François Bayrou : La campagne n'est pas encore partie. Elle ne partira vraiment que quand tous les joueurs seront sur la pelouse. Et ça n'est pas le cas aujourd'hui. Cela dit, je n'ai qu'une certitude sur la campagne électorale, c'est qu'elle va nous réserver de très grandes surprises.
PLS : - Etes-vous étonné qu'une partie de l'électorat de droite se retrouve chez Jean-Pierre Chevènement ?
FB : - Non, je ne suis pas surpris parce que tout ce qui est refus de l'Europe, refus de l'euro, refus de l'ouverture, tout cela était aussi bien à droite qu'à gauche, on l'avait bien vu lorsqu'à Maastricht, il avait fallu voter.
PLS : - Pensez-vous que le chef de l'Etat devrait s'expliquer clairement devant les Français sur les pratiques de financement politique passées au RPR ou à la mairie de Paris ?
FB : - Ce sont des dossiers judiciaires utilisés comme grenades dans les jambes de l'autre camp, pour simplifier. Oui, il faut que tout le monde s'explique. Je veux rompre avec ces années noires dans lesquelles, de dossier en dossier, la politique française est tirée vers le fond. J'appelle ça la relève, qu'on se débarrasse de toutes ces affaires.
PLS : - Vous dites : on décrète une amnistie, on n'en parle plus, on tourne la page ?
FB : - Jamais. Je ne voterai jamais une amnistie pour les politiques parce que ce jour-là, les Français seront en situation d'accuser le monde politique de faire sa propre loi et ses propres accommodements pour lui-même. Or ma règle à moi est simple, c'est : la loi est la même pour tous. Et si l'on veut que la loi s'applique avec rigueur à ceux des Français ou à ceux des jeunes Français qui vont des bêtises, il faut accepter qu'elle s'applique avec rigueur aux puissants et à ceux qui votent la loi. Voilà ma position. [...] Je pense que les échecs français viennent de ce que le pouvoir est organisé en France de manière archaïque, concentré, technocratique, indifférente à ce que le terrain et les citoyens peuvent dire.
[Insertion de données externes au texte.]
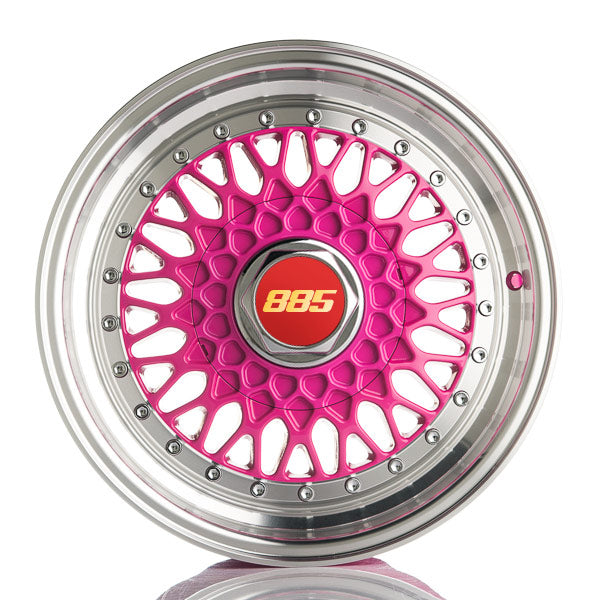 Classic RS Pink 7x15, 4x114.3, 67.1, 20,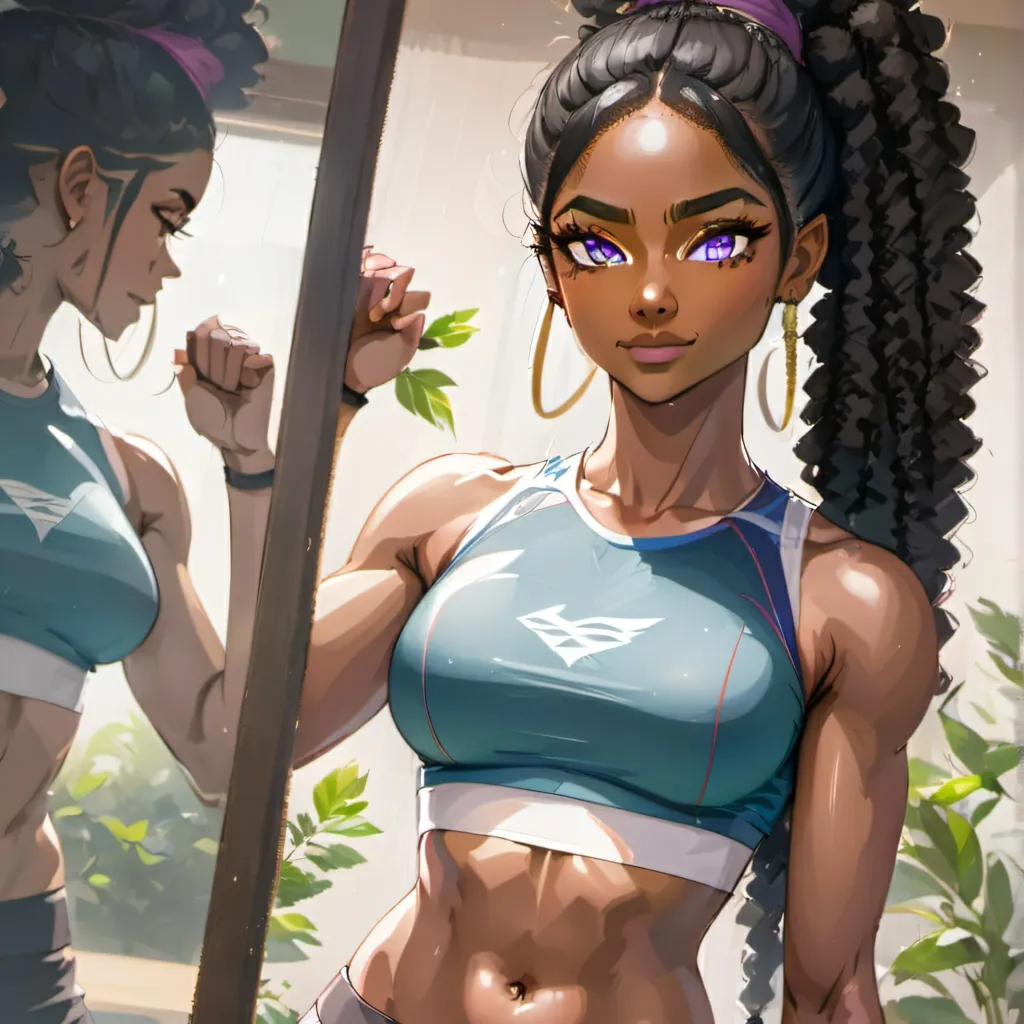 chat with ai character: Vanessa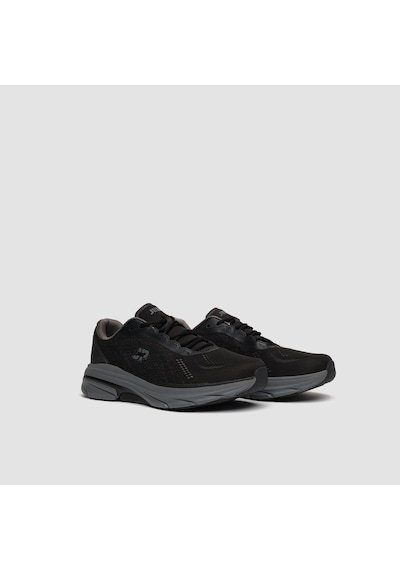 Jeep Shoes Wander Erkek Siyah Ayakkabı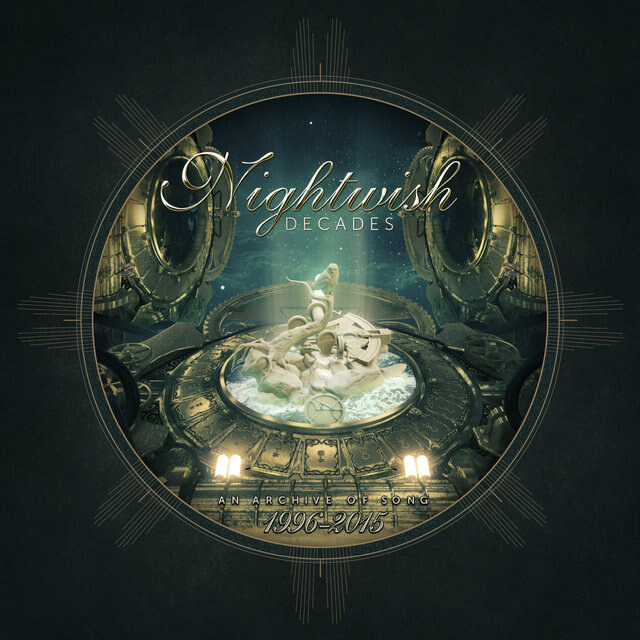  Nightwish release third "Decades" trailer!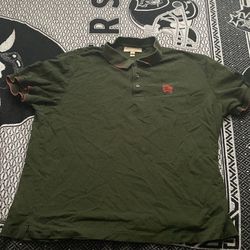 Burberry dress shirt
Or un pouvoir moderne, c'est un pouvoir qui a confiance dans le terrain et ce que les citoyens peuvent dire.
PLS : - Si vous êtes élu, qu'allez-vous faire de différent au sujet de l'Europe ?
FB : - Je ferais le choix clair d'aller vers la fédération européenne, c'est-à-dire vers la construction d'un pouvoir politique à côté du pouvoir monétaire que nous avons construit à Maastricht. Quand on a une monnaie, il faut avoir un pouvoir politique en face. Et quand on a un pouvoir politique en face, il faut que ce pouvoir se démocratise.
PLS : - Vous voulez baisser les impôts à 40 % le taux maximum. Comment est-ce que vous financez tout ça ?
FB : - 40 % le taux maximum de l'impôt sur le revenu, mais pour ma part, je pense que ce qu'il faut, c'est d'abord mettre l'accent sur le poids des charges sociales sur le travail. Je propose notamment ce que j'ai appelé les emplois "francs", c'est-à-dire des emplois nouveaux dont les charges sociales seront limitées à 10 % du salaire brut. Et ça, c'est finançable parce que la plupart de ces emplois seront occupés par des gens actuellement au chômage. Il y a donc une meilleure utilisation de ces allocations.
PLS : - Au fond vous pourriez aussi bien gouverner avec une gauche moderniste qu'avec une droite libérale-sociale ?
FB : - Avec Jacques DELORS, j'aurais certainement pu gouverner. Avec Raymond BARRE, sans aucun doute. Avec la gauche d'aujourd'hui sûrement pas. Parce que je n'y reconnais aucune de mes aspirations. C'est une sensibilité de gauche qui est à mes yeux très rétrograde, d'un autre temps et en tout cas profondément inadaptée à la France.